Chia Hsin Cement Greater China Holding is boosting its export business after earnings plunged 99.2 per cent last year.  The Taiwanese-run cement manufacturer yesterday reported that net profit fell to US$103,000 last year from US$14.69m in 2004, although revenue rose 11.6 per cent to US$91.48m. It blamed surging fuel costs and macroeconomic curbs on the mainland for the result. 
 
"The cement market has bottomed out, and recovery, which started in the second half of last year, is expected to continue this year," chief executive Jason Chang Kang-lung said. "We also expect energy costs to stabilise this year," he said, noting that prices of coal fuel jumped 19.9 per cent and electricity costs rose 9.1 per cent last year. 
 
Mr Chang said the company would step up its export business, which is expected to generate 80 per cent of the profit this year. It contributed 57.4 per cent of the gross profit last year, up from 15.4 per cent in 2004.

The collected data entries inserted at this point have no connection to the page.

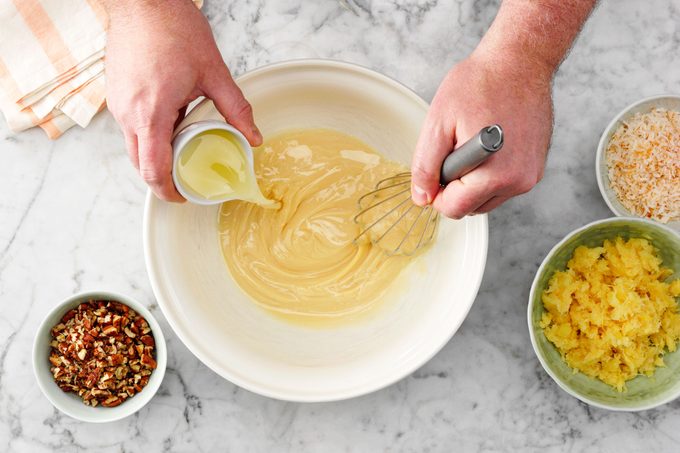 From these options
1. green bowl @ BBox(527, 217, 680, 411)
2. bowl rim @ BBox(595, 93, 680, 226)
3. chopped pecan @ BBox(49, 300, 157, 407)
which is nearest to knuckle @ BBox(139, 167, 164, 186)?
chopped pecan @ BBox(49, 300, 157, 407)

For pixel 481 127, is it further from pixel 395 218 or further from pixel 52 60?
pixel 52 60

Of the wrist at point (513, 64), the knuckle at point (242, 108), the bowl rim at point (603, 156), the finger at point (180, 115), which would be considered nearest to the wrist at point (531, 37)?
the wrist at point (513, 64)

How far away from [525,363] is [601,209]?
37cm

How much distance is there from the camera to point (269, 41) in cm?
152

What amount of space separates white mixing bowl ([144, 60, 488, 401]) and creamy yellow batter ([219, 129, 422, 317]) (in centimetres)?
3

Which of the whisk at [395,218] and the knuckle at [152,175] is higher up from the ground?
the knuckle at [152,175]

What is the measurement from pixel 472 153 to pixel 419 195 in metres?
0.21

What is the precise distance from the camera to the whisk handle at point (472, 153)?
3.15 feet

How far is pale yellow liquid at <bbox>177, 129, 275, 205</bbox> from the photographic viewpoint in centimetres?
125

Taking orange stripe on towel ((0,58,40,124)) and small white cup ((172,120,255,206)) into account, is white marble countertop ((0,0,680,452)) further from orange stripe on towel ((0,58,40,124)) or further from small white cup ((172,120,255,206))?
small white cup ((172,120,255,206))

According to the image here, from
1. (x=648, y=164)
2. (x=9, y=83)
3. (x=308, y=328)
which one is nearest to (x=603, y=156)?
(x=648, y=164)

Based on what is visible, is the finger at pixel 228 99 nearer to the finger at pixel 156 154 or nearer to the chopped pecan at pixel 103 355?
the finger at pixel 156 154

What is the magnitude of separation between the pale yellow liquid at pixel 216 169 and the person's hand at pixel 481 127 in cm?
33

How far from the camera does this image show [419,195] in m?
1.21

"Our export business is the key to profitability," he said.  The company exports to North America as well as Asia, including New Zealand, and Africa. 
 
Domestically, preparations for the 2008 Olympic Games are boosting demand for cement, according to Mr Chang. Prices of cement are also expected to stabilise this year.  However, he predicted further consolidation and restructuring in the industry. 
 
The group planned to set aside US$40m to US$60m for mergers and acquisitions, and had been in talks with potential targets.  An acquisition deal was expected to be concluded by the end of this year, Mr Chang said. 
 
China’s campaign to halt overproduction in certain industries to prevent overheating in the economy has severely affected the cement sector.  Last week, competitor China Resources Cement announced an 84.79 per cent plunge in net profit last year.  Chia Hsin shares yesterday closed unchanged at $1.06.